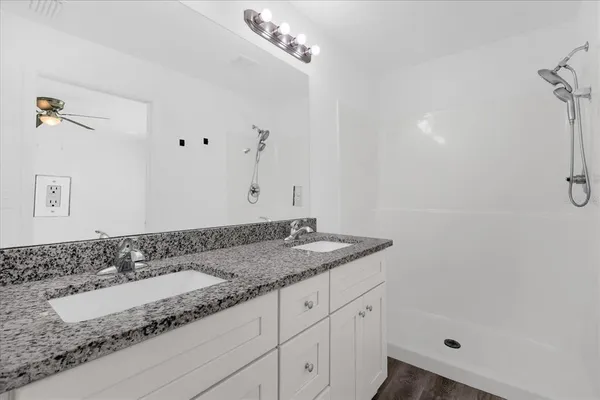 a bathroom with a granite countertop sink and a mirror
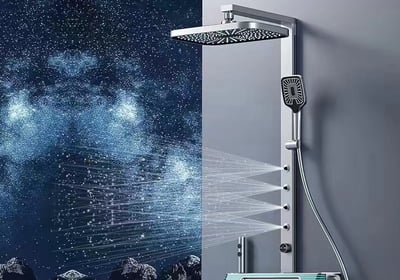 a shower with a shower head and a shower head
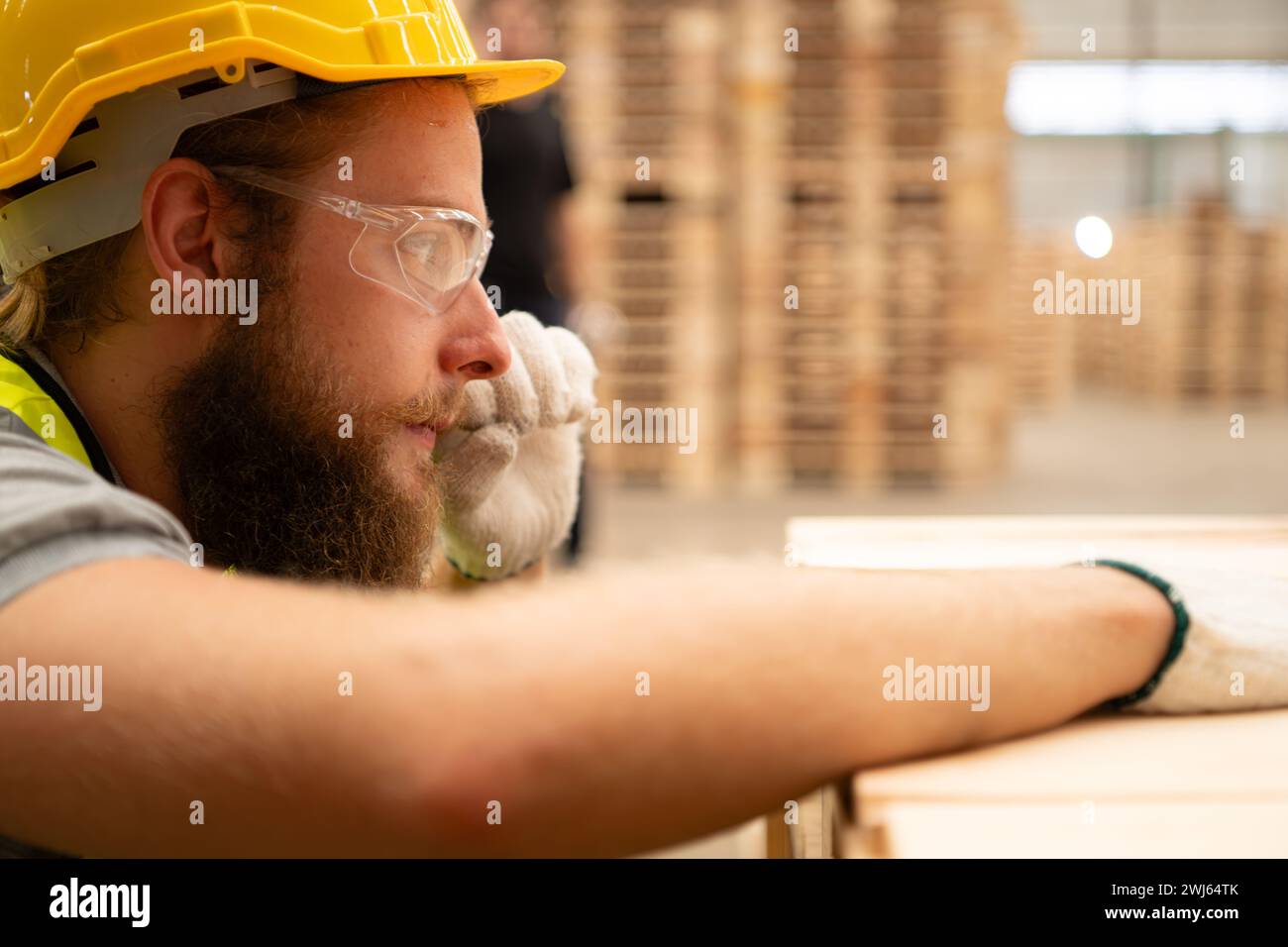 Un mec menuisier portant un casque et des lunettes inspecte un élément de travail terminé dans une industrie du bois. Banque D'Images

* * *

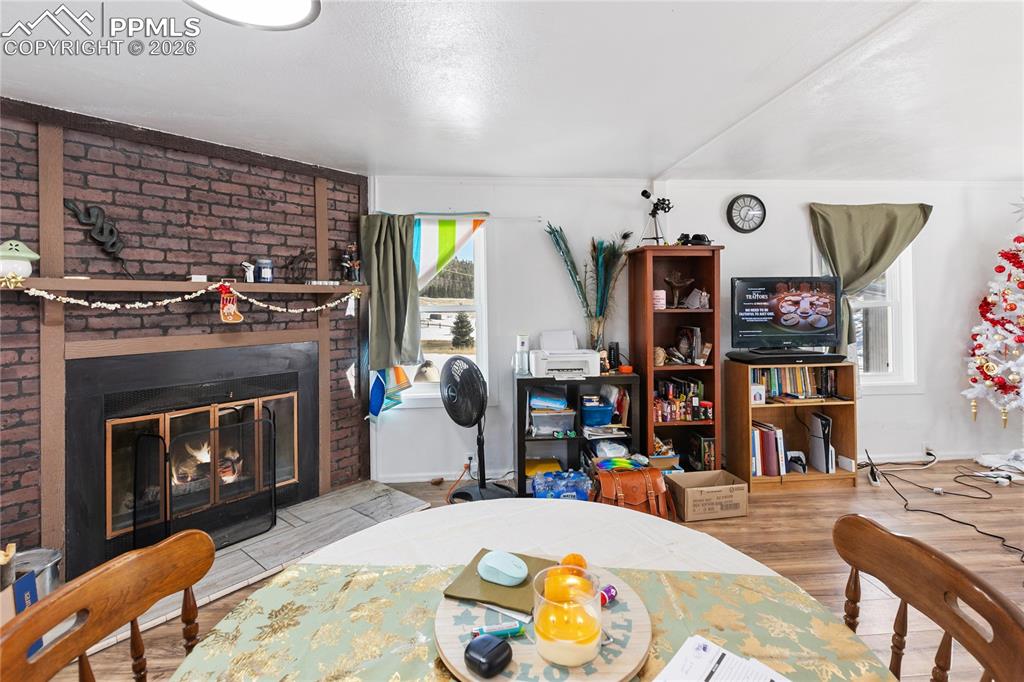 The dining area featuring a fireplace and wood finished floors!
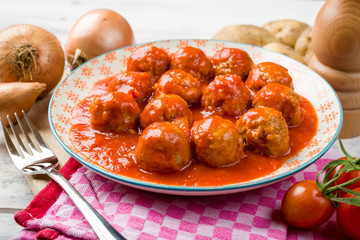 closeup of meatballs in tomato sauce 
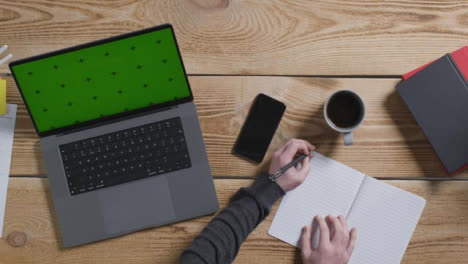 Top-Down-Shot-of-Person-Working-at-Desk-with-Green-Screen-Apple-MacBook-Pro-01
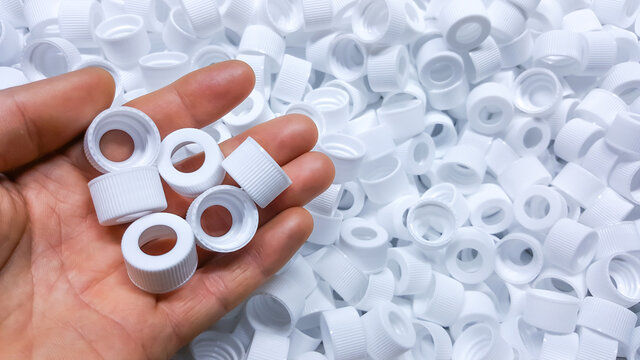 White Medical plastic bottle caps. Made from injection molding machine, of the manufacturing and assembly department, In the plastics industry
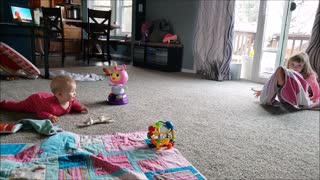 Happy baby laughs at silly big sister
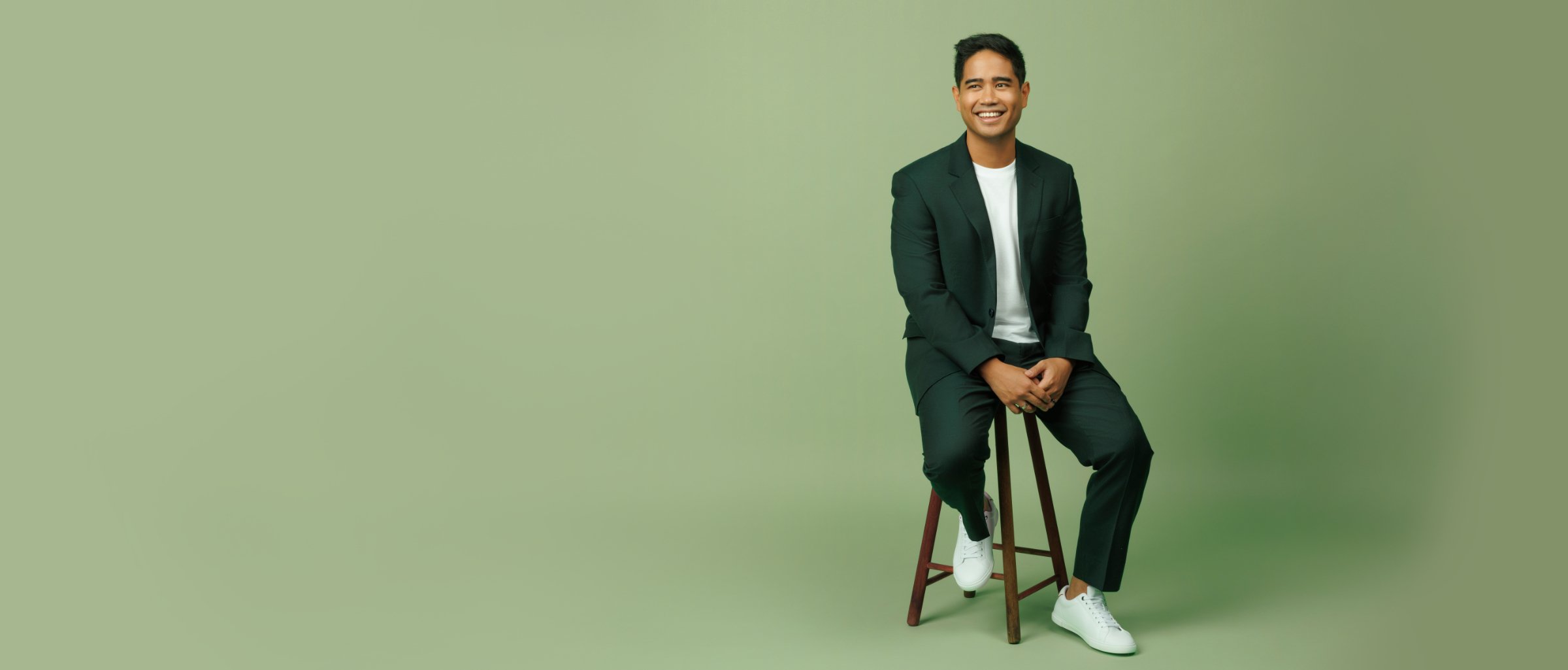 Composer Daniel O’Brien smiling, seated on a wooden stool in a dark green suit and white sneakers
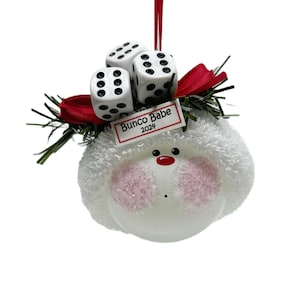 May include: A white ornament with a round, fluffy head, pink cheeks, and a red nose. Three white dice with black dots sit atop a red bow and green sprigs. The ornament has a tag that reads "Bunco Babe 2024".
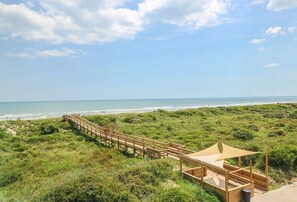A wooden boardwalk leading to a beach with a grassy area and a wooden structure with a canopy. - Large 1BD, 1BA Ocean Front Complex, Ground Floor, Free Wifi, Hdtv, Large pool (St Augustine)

#### [Work to complete]
What should come back is an exact copy of the lines above from the line with "The dining area" to the line with "A wooden boardwalk", both included, minus the pictures.

#### [Answer below]
 The dining area featuring a fireplace and wood finished floors!
 closeup of meatballs in tomato sauce 
 Top-Down-Shot-of-Person-Working-at-Desk-with-Green-Screen-Apple-MacBook-Pro-01
 White Medical plastic bottle caps. Made from injection molding machine, of the manufacturing and assembly department, In the plastics industry
 Happy baby laughs at silly big sister
 Composer Daniel O’Brien smiling, seated on a wooden stool in a dark green suit and white sneakers
 May include: A white ornament with a round, fluffy head, pink cheeks, and a red nose. Three white dice with black dots sit atop a red bow and green sprigs. The ornament has a tag that reads "Bunco Babe 2024".
A wooden boardwalk leading to a beach with a grassy area and a wooden structure with a canopy. - Large 1BD, 1BA Ocean Front Complex, Ground Floor, Free Wifi, Hdtv, Large pool (St Augustine)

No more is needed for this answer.